Unfortunately cities skylines isn't well optimised for multi core CPUs, which is a shame because the game is great, but once you unlock the real potential of it it doesn't run very well. Obviously having modern hardware will still help.

That is the case for many games unfortunately although that will change going forward. Once games start utilising multicore more going forward the fun will start :)
 
Heavily modded cities skylines, I'd say potentially even 64GB isn't completely out of the question. 32 should be fine though, I'm planning a new build end of this year/early next and I'm going to go 64gb

Unfortunately cities skylines isn't well optimised for multi core CPUs, which is a shame because the game is great, but once you unlock the real potential of it it doesn't run very well. Obviously having modern hardware will still help.

That is the case for many games unfortunately although that will change going forward. Once games start utilising multicore more going forward the fun will start :)

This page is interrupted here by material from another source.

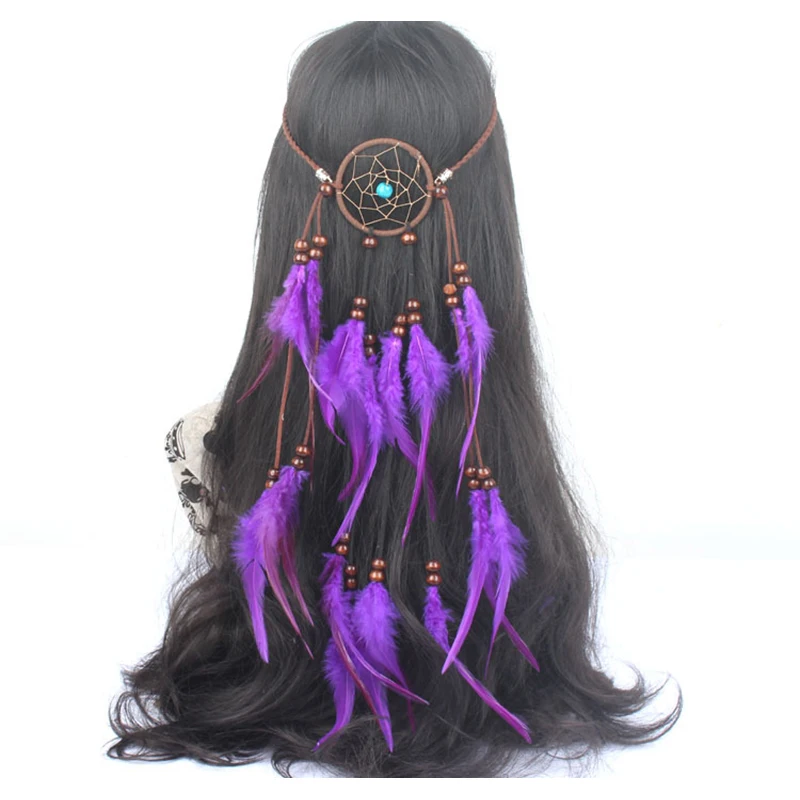 

Feather Headband Women Festival Headwear Bohomia Feather Rope Crown Headdres For Girls Bohemian Indian Feather Hairband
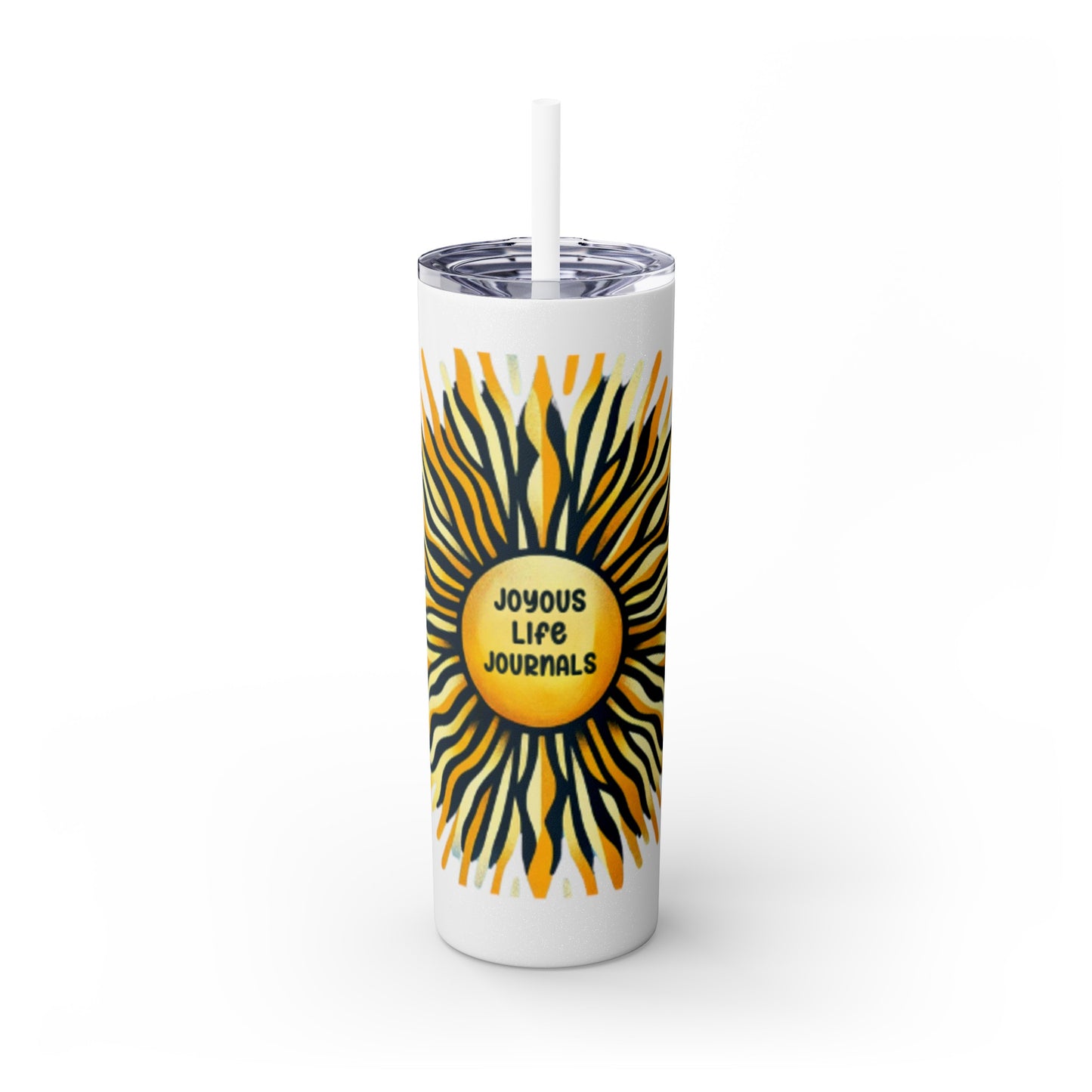 Joyous Life Journals Radiant Sun Tumbler Skinny Tumbler with Straw, 20oz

engine used is the problem :( be a long while yet

unlock all 32 tiles !!! :D
 
Depending on what you're budget is when you come to buy, you could get away with something like a 4790k (2nd hand). Mine has been running at 4.7ghz for about 5 years now and paired with 2070super at 1440p, it's been flawless. For games like that, it should be a breeze.
 
Yeah, I kinda gave up with Cities Skylines due to 'only' having 16GB when modified it's huge on the RAM.

Yea exactly, I loaded up my old city which tried loading up 20+ GB on my system with only 16, it did actually load it up but I guess it was using page file swap or whatever as it was literally running at about 3FPS.

Needless to say completely unplayable.